What can you do with roasted garlic? What can't you do would be the better question. Add it to mashed potatoes for a little taste of heaven. It's exquisite mixed with butter and spread on a crusty loaf of bread fresh from the oven. The cloves are little globes of perfection squeezed straight onto crostini.
I love roasted garlic so much that I rarely waste time with just one or two heads. If I'm roasting garlic, I roast a minimum of six heads, then I squeeze out the cloves and put them in the refrigerator to throw into all kinds of dishes during the week. This past bunch went into several of the roasted vegetable soups I've been writing about, most recently a roasted carrot and garlic soup that came out heavenly. I also used about half of them in a batch of hummus that was so good I ate it up before I could take a picture. I pureed some up with roasted peppers and kalamata olives for a delicious pasta sauce that needs some work before I can show it off. It tasted really good, but wasn't the most appetizing thing to look at.
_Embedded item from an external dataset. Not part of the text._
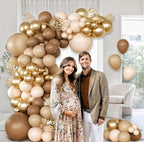 147pcs Brown Balloon Arch Garland Kit, Different Sizes ,Dark Brown Light Brown Sand White Metallic Gold Balloons for Boho Neutral Birthday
Sometimes, late at night, I'll just take a couple of cloves and pop them into my mouth and let them melt down my throat. Ummmm. Garlic candy.
If you've never tried them, you really should. It's very little work for a tremendously large gustatory payback.
6 heads fresh garlic (or however many you wish to roast)
olive oil or butter
Preheat oven to 425 deg. F. Peel some of the extra paper off of the garlic, but do not remove it all. Slice off the tops of the heads so the tips of the cloves are just barely exposed. Wrap each head in a square of aluminum foil, adding a scant drizzle of olive oil or dab of butter before closing it up. Arrange the garlic bundles in a shallow baking dish and roast for 30-45 minutes, until tender.